19  Case Study: Designing a Simulation Study

Simulation studies are an ideal setting for utilizing functions. When conducting a simulation study, we often need to generate data, run statistical methods, and collect results and we replicate this for a large number of simulations. Functions will ensure that we can write cleaner and reproducible code. In this case study, we will write the code for a simulation study that is based on the analysis by Hastie, Tibshirani, and Tibshirani (2020), which compared different methods for sparse regression. For our purposes, we will focus on the comparison between lasso and ridge regression, introduced in Chapter 15.

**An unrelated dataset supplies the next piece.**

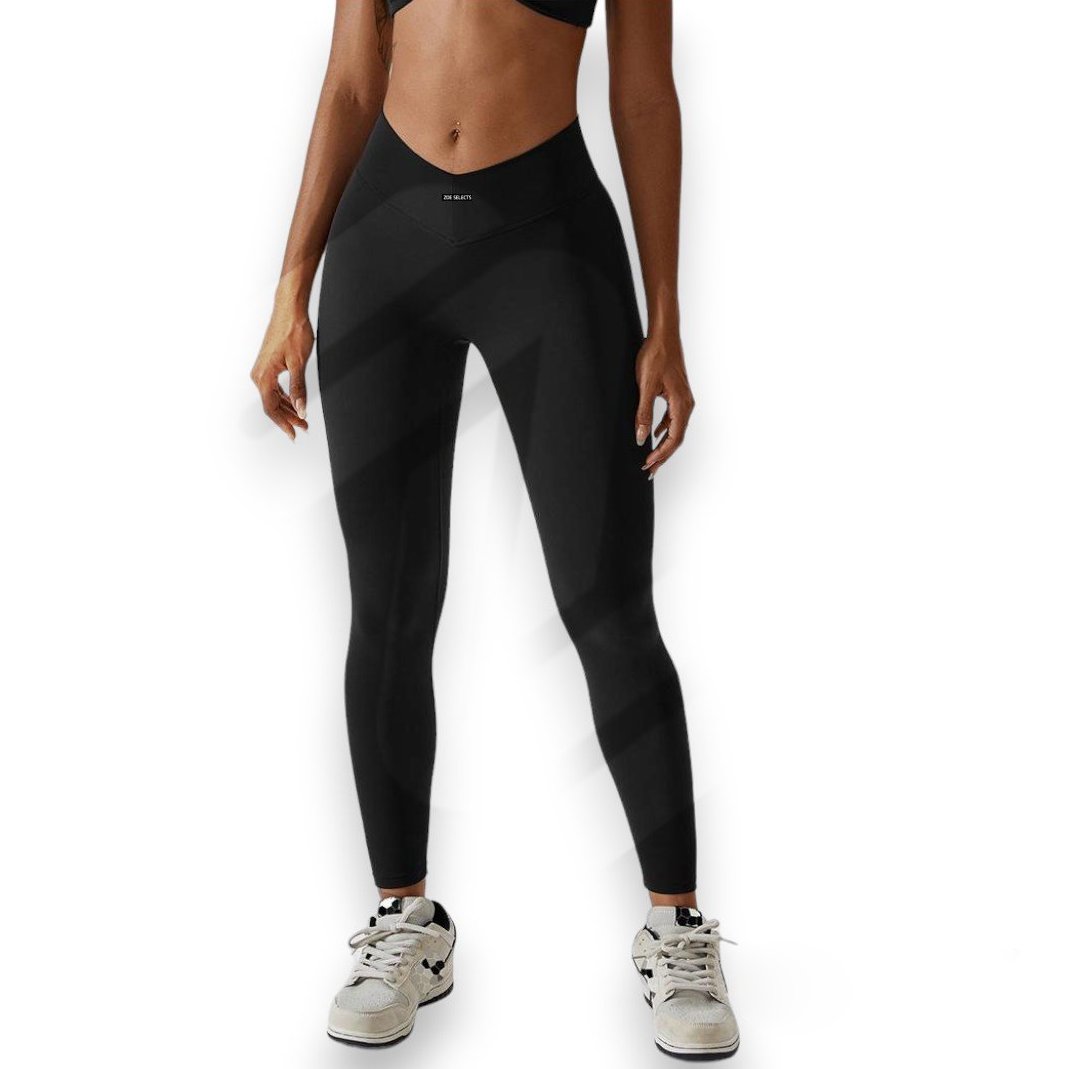 Legging Deseo V > + colores < SIN FRUNCE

Our goal is to understand the predictive power of the two models for different data settings. We will generate our training and test data using the following data generating mechanism which relies on the number of observations \(n\), the number of predictors \(p\), the sparsity \(s \leq p\), predictor correlation level \(\rho\), and \(\nu\) signal-to-noise ratio.

  1. We define a vector of coefficients \(\beta \in \mathbb{R}^p\) which has its first \(s\) components equal to 1 and the rest equal to 0. Note that our model will not have an intercept.

  2. We draw the rows of the predictor matrix \(X \in \mathbb{R}^{n \times p}\) from a multivariate normal distribution \(N_p(0, \Sigma)\), where \(\Sigma \in \mathbb{R}^{p \times p}\) has entry \((i,j)\) equal to $^{|i-j|}.

  3. We draw the outcome \(y \in \mathbb{R}^n\) from a normal distribution \(N(X \beta, \sigma^2 I)\), where \(\sigma^2 = \frac{\beta \Sigma \beta}{\nu}\). This ensures that the data has signal-to-noise ratio, defined as \(\text{Var}(x^T \beta)/\text{Var}(\sigma^2)\), equal to \(\nu\).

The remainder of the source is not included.